Saturday, August 16, 2014

Mahmoud Ahmed Kicks Off Summer Concert Series

It’s the quaver that makes the Ethiopian singer Mahmoud Ahmed’s voice so arresting. He seizes on a note, brief or sustained, and makes its pitch tremble as if its urgency could barely be contained. It’s a show of controlled intensity, and in the course of a song, it happens again and again, making each phrase leap out anew: with sorrow, with anticipation, with a plea. That quaver is coupled with emphatic rhythm and grainy determination in a voice that Ethiopians in and out of the country have prized since the 1970s. Mr. Ahmed’s 1975 album, “Ere Mela Mela,”helped introduce Ethiopian pop to a wider world, and in the 1990s, reissues of his recordings as part of Buda Musique’s “Ethiopiques” series brought him further international attention.
Ethiopians were singing along in Amharic to Mr. Ahmed’s hits, and the whole room was dancing, when he performed on Saturday at Pioneer Works, headlining the first show in Issue Project Room’s summer concert series there. He led a band drawn from musicians he often works with in Washington, joined by the saxophonist Russ Gershon from Either/Orchestra, a Boston group that has backed Mr. Ahmed onstage and in recordings.

With three saxophones, keyboards, guitar, bass and drums, the band charged into funk that has distinctive Ethiopian features.
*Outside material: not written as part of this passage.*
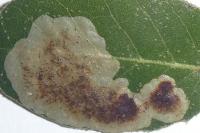 Phyllonorycter belotella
It uses modal scales, often five-note ones with a half-step somewhere, and countermelodies from keyboard or guitar that snake up and down in those modes. (They translate, to Western ears, as minor chords and diminished harmonies, like the exotica of themes for spy movies set in the Middle East.)
The rhythms in many songs trade the 4/4 of American funk and rock for a particular rolling six-beat groove goaded by a sharp accent on the third beat, even as the rhythm guitar keeps scrubbing, and the saxophones punch out soul-band riffs. The songs use Western instruments and some Western ideas — a lot of James Brown, a little rock and reggae — and they have clear-cut verses and refrains, yet the melodies keep them unmistakably North African.
Mr. Ahmed is 73, but he shook the rust off his high notes before the first song was over. He was singing love songs, sometimes with his hand over his heart, sometimes waving or jabbing the air; now and then, he took up the shoulder-twitching dance that Ethiopians and their friends were doing on the floor.
He was a soul man, stoking the dancing and then easing into a ballad, declaiming and lamenting and then building again, with his voice seizing every line and pushing it toward incantation. Each quaver rooted the music in Ethiopian tradition while insisting on the universality of passion.